HOW TO COMPLETE THIS TASK:
Your answer should be the lines below from the one holding "image:imageG4Free Comfy Ribbed" through the one holding "No Cut Just", copied exactly and with nothing else.

SUPPLIED DATA:
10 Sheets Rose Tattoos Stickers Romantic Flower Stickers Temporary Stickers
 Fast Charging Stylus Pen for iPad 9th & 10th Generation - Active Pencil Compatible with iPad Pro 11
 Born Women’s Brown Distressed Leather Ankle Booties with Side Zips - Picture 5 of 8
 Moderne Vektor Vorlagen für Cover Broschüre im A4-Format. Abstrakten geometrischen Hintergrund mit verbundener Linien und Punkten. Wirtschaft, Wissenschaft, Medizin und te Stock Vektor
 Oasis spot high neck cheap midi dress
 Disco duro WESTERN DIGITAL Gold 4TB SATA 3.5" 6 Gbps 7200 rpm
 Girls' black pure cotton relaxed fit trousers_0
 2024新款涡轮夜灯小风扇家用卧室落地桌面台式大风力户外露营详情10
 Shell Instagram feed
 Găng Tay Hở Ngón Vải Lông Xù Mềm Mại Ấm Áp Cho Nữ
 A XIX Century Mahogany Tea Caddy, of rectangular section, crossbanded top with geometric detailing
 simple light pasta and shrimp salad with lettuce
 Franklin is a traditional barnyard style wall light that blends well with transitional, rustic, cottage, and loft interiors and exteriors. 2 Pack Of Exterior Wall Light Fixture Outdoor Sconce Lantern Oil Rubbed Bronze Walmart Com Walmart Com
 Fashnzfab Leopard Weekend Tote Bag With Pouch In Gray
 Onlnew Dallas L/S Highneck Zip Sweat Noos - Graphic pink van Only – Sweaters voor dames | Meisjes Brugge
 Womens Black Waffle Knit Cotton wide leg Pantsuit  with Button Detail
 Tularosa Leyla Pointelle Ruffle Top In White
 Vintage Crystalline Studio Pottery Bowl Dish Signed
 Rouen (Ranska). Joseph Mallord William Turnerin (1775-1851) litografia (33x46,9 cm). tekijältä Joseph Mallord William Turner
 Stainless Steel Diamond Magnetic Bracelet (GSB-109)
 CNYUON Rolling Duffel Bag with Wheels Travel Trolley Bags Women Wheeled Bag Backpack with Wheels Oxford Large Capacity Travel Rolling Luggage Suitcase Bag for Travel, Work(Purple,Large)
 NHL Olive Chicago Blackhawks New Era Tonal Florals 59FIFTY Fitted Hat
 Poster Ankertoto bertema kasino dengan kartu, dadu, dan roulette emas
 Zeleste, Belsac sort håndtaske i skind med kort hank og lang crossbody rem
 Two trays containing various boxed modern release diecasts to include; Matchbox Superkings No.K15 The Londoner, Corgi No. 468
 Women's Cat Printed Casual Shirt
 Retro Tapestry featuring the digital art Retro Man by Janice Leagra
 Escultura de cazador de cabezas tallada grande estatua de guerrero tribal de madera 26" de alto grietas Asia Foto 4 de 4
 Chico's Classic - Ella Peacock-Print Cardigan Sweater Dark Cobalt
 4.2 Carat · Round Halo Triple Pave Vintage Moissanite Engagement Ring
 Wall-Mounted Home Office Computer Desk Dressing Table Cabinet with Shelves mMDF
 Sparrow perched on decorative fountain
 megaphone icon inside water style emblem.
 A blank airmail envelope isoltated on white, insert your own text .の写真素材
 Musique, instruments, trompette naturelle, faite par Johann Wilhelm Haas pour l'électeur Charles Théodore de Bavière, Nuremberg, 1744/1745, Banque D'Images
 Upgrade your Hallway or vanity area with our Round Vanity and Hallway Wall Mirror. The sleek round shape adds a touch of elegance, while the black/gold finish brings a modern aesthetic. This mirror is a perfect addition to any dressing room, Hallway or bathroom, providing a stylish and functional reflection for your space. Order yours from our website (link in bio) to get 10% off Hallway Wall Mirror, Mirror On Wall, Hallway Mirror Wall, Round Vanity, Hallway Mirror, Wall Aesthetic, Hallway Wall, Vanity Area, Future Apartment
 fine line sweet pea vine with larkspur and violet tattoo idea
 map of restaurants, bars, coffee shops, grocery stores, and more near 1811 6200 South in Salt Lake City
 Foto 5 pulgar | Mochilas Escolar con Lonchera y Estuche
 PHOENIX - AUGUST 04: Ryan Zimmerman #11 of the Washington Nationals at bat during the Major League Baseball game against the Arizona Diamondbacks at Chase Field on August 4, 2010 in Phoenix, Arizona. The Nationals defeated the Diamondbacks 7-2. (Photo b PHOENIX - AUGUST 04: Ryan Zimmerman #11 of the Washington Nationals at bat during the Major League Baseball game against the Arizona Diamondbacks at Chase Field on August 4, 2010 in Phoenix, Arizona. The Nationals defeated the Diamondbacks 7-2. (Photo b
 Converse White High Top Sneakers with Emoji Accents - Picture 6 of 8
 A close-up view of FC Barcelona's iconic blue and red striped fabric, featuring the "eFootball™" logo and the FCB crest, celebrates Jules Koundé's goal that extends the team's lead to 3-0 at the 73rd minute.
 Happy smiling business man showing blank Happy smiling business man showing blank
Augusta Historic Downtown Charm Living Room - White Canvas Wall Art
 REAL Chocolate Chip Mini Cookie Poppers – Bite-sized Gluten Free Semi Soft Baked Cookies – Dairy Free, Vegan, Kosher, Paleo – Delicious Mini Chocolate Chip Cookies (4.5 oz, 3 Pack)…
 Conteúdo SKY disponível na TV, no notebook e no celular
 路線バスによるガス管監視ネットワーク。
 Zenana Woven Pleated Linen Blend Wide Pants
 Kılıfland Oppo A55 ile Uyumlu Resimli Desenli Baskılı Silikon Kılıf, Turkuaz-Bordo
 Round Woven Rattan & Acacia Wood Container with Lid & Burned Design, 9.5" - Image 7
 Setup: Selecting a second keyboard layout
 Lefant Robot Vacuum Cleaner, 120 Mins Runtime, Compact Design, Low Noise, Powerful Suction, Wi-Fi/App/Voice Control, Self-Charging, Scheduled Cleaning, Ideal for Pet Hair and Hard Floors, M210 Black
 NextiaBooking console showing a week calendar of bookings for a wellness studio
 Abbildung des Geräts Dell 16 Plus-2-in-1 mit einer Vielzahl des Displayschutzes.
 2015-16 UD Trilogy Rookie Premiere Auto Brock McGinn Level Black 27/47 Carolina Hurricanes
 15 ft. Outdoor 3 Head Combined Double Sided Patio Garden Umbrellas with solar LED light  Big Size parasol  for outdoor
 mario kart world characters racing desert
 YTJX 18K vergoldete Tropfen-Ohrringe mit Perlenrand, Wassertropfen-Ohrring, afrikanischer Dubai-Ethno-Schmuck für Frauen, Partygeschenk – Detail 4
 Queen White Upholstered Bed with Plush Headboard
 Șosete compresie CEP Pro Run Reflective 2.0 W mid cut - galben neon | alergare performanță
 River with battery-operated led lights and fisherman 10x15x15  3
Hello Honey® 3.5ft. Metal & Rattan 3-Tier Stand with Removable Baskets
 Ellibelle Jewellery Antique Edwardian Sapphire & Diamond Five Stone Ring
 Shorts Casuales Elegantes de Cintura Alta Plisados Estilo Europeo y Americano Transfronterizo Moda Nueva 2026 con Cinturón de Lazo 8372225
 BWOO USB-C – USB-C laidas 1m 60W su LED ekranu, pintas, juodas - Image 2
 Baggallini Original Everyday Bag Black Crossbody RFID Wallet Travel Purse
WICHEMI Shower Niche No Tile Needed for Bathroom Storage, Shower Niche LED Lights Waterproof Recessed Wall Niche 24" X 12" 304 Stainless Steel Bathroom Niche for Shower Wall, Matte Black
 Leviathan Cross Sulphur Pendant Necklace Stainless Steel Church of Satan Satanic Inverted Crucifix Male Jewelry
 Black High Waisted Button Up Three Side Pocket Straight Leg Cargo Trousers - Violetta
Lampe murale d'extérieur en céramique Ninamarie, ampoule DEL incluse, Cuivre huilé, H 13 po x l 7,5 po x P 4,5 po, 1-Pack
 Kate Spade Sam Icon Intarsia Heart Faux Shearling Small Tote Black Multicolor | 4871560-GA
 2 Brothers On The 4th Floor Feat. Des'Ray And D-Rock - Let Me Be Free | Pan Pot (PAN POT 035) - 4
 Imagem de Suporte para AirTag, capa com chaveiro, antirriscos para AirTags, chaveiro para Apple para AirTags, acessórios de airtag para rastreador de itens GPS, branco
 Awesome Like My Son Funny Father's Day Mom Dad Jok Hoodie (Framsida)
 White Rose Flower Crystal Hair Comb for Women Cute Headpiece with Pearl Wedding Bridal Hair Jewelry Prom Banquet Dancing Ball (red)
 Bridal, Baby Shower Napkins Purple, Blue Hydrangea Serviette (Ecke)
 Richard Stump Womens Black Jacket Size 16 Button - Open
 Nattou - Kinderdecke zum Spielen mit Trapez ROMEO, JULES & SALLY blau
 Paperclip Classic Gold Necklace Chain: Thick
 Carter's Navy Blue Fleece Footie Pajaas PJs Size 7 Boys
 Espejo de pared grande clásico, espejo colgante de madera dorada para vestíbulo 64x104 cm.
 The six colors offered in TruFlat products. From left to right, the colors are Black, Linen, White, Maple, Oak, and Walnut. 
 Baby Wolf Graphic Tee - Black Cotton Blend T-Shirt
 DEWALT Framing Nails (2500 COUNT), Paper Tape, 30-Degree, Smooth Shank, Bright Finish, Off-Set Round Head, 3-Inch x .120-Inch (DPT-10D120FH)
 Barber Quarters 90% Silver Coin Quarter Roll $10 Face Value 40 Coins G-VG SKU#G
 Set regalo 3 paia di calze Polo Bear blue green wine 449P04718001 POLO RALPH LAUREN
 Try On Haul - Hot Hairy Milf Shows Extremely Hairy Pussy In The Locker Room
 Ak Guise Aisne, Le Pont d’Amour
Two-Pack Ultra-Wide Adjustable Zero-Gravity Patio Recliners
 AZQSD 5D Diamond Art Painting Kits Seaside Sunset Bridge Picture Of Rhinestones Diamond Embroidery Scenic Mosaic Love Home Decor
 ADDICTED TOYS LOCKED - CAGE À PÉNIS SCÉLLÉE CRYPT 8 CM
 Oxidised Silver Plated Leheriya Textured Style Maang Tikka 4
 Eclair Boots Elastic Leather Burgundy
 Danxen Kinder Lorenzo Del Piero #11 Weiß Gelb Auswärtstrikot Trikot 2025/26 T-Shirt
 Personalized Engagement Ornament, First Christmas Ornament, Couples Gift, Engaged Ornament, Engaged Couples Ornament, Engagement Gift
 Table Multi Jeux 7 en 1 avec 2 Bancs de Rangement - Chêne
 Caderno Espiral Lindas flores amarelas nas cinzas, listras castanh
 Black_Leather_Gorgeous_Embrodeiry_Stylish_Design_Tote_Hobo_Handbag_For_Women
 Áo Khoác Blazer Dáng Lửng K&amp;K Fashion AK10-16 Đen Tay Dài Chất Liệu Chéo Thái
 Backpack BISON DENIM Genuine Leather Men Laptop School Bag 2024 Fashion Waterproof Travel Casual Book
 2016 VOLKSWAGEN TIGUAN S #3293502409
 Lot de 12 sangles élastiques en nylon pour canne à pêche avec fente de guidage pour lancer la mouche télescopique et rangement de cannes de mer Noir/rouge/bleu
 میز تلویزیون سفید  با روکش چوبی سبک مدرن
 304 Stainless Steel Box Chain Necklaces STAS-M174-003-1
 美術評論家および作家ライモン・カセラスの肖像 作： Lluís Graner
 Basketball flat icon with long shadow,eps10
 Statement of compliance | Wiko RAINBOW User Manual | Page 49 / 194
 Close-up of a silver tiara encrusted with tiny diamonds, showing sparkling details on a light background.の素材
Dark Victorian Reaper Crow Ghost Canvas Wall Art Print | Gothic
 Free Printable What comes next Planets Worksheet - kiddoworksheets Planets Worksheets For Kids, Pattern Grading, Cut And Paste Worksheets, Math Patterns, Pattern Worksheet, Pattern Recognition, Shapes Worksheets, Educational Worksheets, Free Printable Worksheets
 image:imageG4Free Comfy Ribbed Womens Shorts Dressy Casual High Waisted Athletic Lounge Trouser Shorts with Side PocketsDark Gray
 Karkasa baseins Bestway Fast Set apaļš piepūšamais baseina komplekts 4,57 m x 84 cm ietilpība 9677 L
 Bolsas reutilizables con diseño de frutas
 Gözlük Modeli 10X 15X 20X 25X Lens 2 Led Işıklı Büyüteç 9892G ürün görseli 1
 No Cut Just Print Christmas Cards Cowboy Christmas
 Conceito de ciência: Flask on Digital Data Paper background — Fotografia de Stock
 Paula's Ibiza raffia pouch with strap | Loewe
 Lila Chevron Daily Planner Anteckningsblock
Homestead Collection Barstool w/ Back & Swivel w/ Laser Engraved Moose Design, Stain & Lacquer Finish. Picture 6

RESULT OF THE TASK:
 image:imageG4Free Comfy Ribbed Womens Shorts Dressy Casual High Waisted Athletic Lounge Trouser Shorts with Side PocketsDark Gray
 Karkasa baseins Bestway Fast Set apaļš piepūšamais baseina komplekts 4,57 m x 84 cm ietilpība 9677 L
 Bolsas reutilizables con diseño de frutas
 Gözlük Modeli 10X 15X 20X 25X Lens 2 Led Işıklı Büyüteç 9892G ürün görseli 1
 No Cut Just Print Christmas Cards Cowboy Christmas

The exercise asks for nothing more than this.